The data:
--

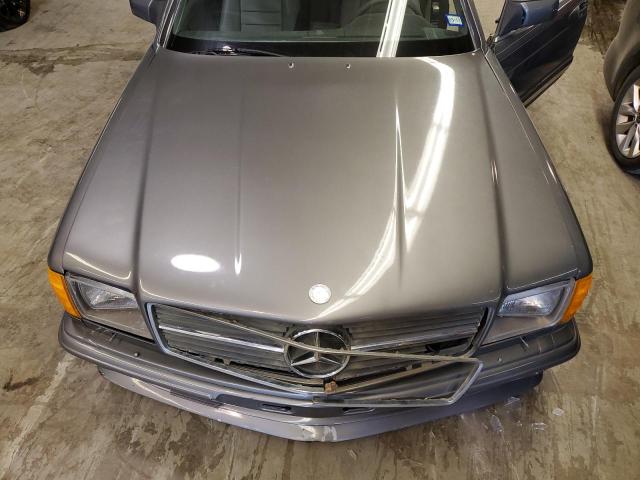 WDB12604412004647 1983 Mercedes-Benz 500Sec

--

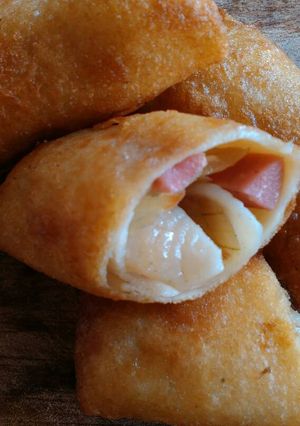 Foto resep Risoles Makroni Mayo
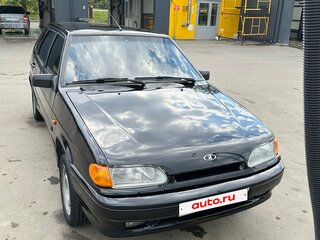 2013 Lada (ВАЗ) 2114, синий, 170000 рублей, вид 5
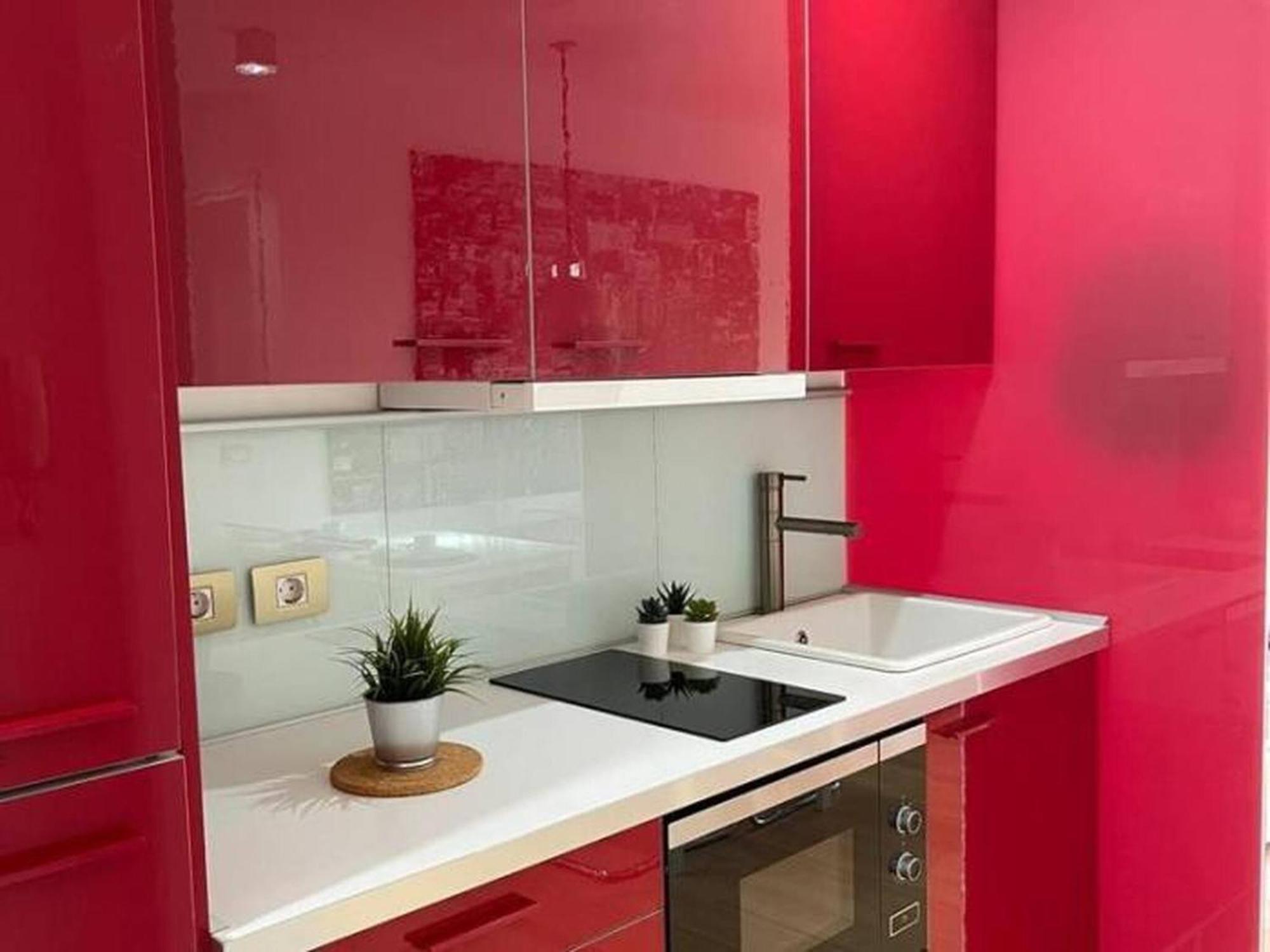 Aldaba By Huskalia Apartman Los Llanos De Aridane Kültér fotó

--

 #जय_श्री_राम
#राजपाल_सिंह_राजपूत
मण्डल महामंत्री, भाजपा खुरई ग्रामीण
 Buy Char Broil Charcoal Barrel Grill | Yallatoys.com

--

Instructions to follow:
The lines above from the one containing "मण्डल महामंत्री, भाजपा खुरई ग्रामीण" through the one containing "Buy Char Broil" are to be set down exactly, and no others.

Task answer:
मण्डल महामंत्री, भाजपा खुरई ग्रामीण
 Buy Char Broil Charcoal Barrel Grill | Yallatoys.com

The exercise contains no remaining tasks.